I wonder what Clifford Geertz would have said about poetry. Probably nothing so grand. No poet-as-shaman. No poet-as-prophet. I expect he’d be more likely to write about his personal encounters with poets as they go about the business of living their lives. Maybe he’d go to poetry reading and report on the experience. Maybe it would go something like this:
On a Saturday evening, I attended a poetry slam (as they are called here). I had hoped to blend in with the regular crowd, but locals immediately spotted me as a stranger in their midst. It was my mode of dress. I was so ordinary, I stood out. I should have dressed in an “original” or “unique” style. My accouterment should have expressed a certain “hipster” panache. However, as we shall see, in the end, they were quite accepting of me in spite of myself. The slam was held at a local bar which had a stage set up as if for a jazz trio. However, instead of musicians, it was poets who took turns stepping to the microphone. The event did not involve readings, per se. I had expected it would, but was quickly disabused of that expectation. Instead, participants engaged in improvisational declamations. They may have come prepared with a few thematic suggestions, but the greater part of their “reading” was an extemporaneous performance. In this respect, the comparison to a jazz trio was not inapt.

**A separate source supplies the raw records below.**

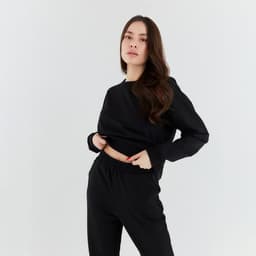 Костюм спортивный женский: свитшот, брюки, MINAKU: Casual Collection, размер 50, чёрный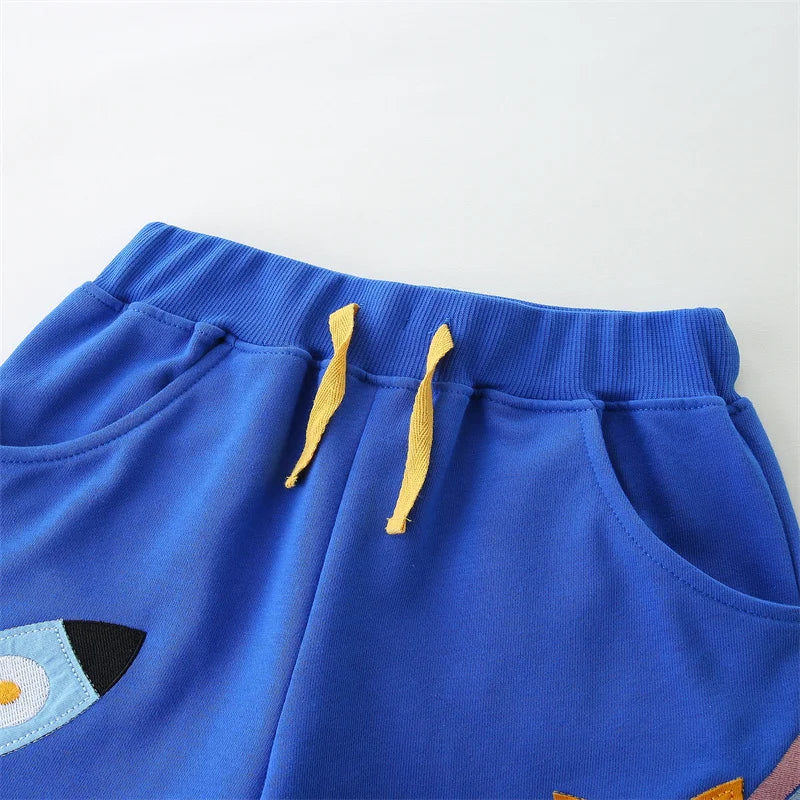 Marcos Rockets Star Embroidery Shorts For Boys
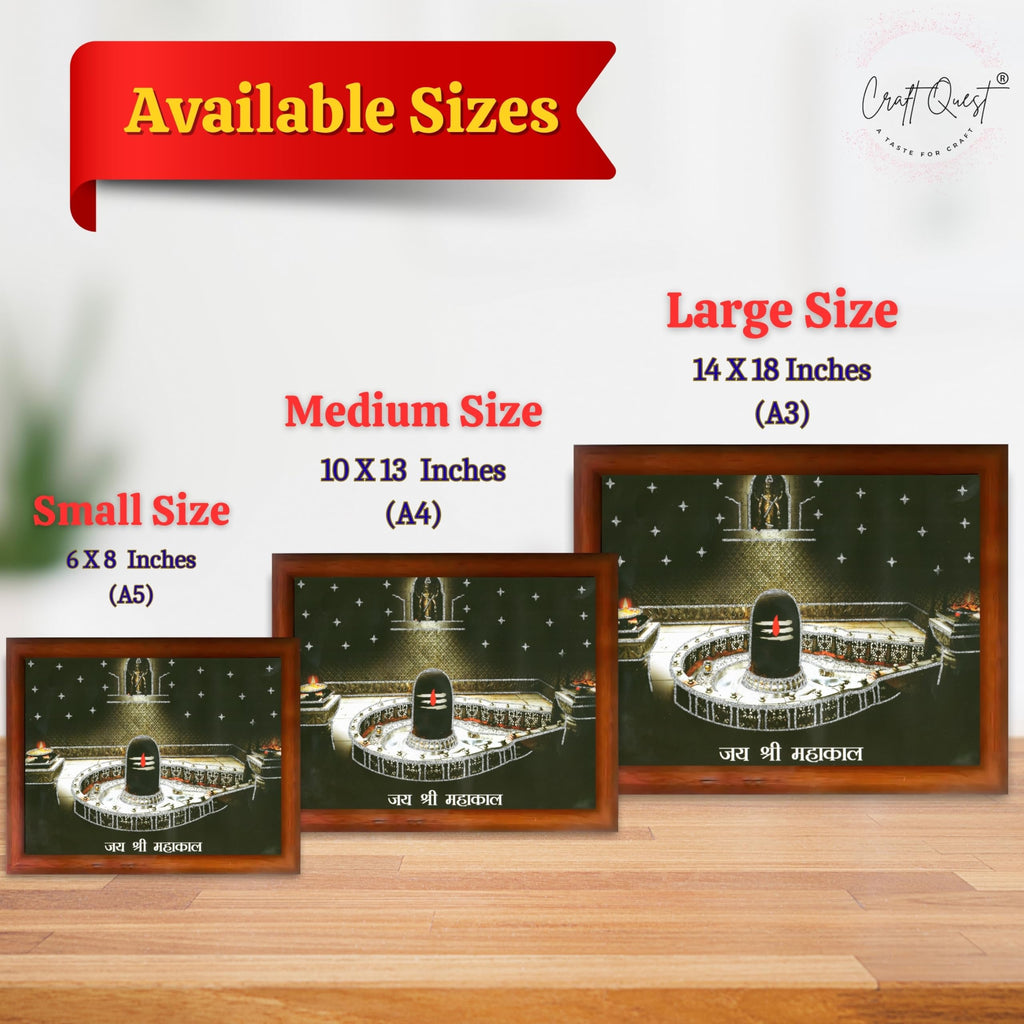 CRAFT QUEST Mahakal Jyotirling Photo With Frame Ujjain Mahakaleshwar Bholenath Photo Frame, Religious Photo Frame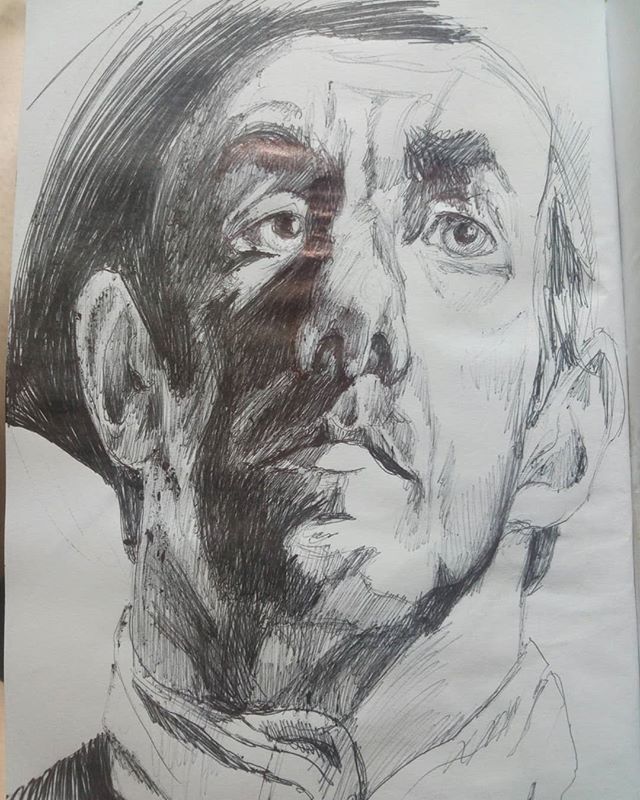 CindyNikolic's tweet photo. #portrait #Yanowski #noiretblanc #stylo #croquis #sketchbook #bic #drawing #dessin #dessinsdujour #art https://t.co/hubCTUUUUo https://t.co/XF6odJUj54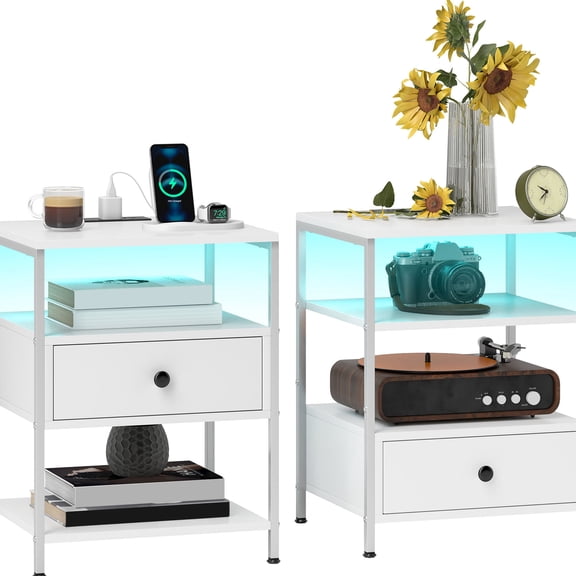Small End Tables with USB Ports and Outlets | Suitable for Work or Leisure in Living Spaces | Benefit from Stable Structure and Quirky Design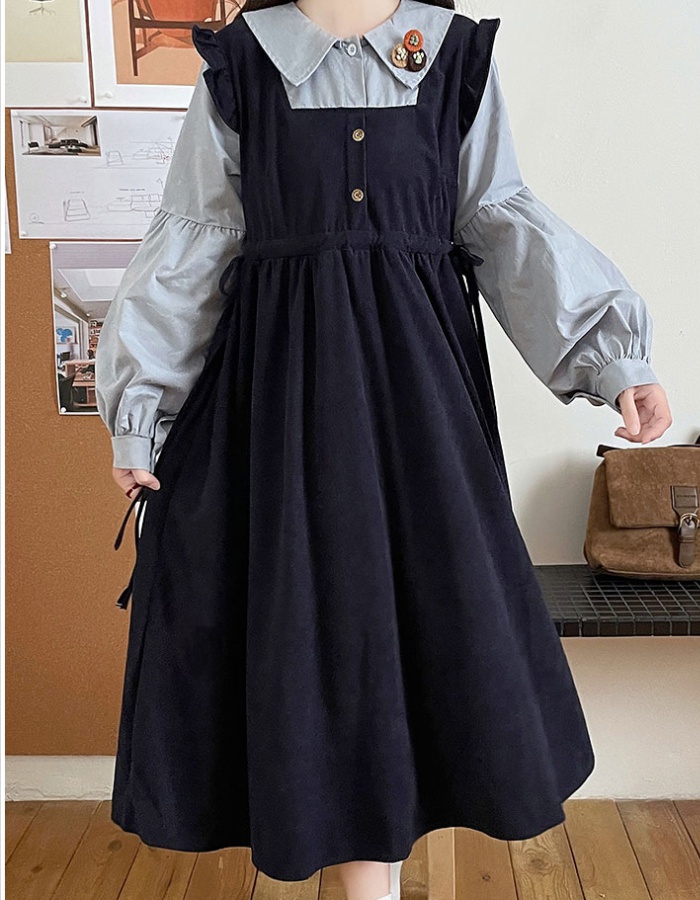 Long sleeve loose Pseudo-two college style retro dress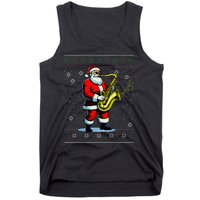 Santa Claus playing Saxophone Musical Ugly Christmas Sweater  Tank Top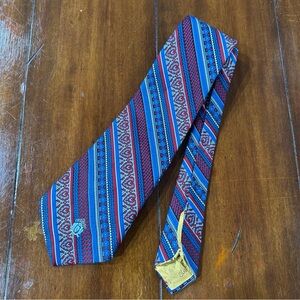 Vintage Oleg Cassini Tie Red Blue Geometric Stripe 80s Designer Wide Necktie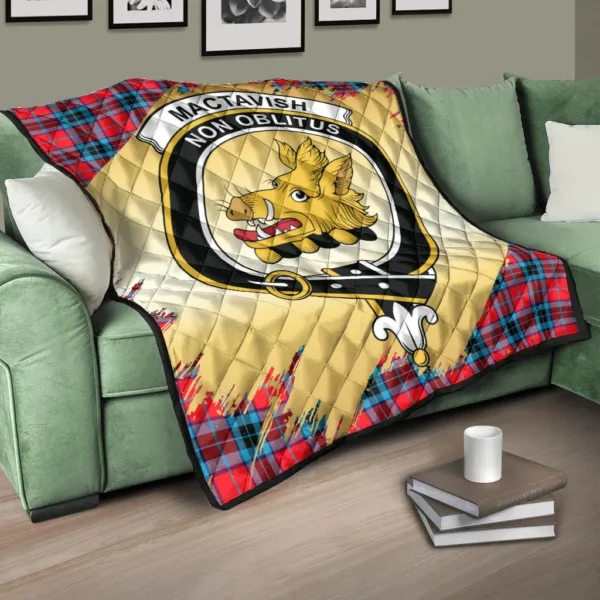 MacTavish Modern Clan Quilt, Scottish Tartan MacTavish Modern Clans Premium Quilt Scotland Gold Royal Style - Image 3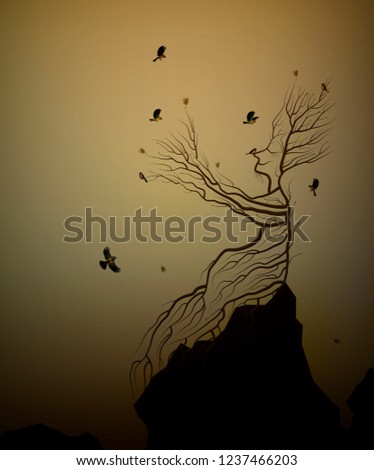 alive tree on the rock and titmouses birds, tree soul, man like tree giving his hand branch to flying birds, fairytale surrealism, plant alive idea, vector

Things were going well and I was taking detailed notes, but had rather a lot to drink and that got me into trouble. Before I knew what had happened, I was onstage with several others and we were taking turns “performing” our rants. Some of it reminded me of “scat” in early American jazz clubs. However, I can’t be sure. What happened after that is a bit of a blur. I do know that when the bartender yelled last call, we spilled out onto the sidewalk and continued our slam, shouting poetry into the night. A police officer arrested us for drunk and disorderly conduct and we spent the next eight hours in a holding cell until we came before a justice of the peace where we received a stern lecture and a fine. It was a rather sour ending to what was otherwise a fine bit of field work.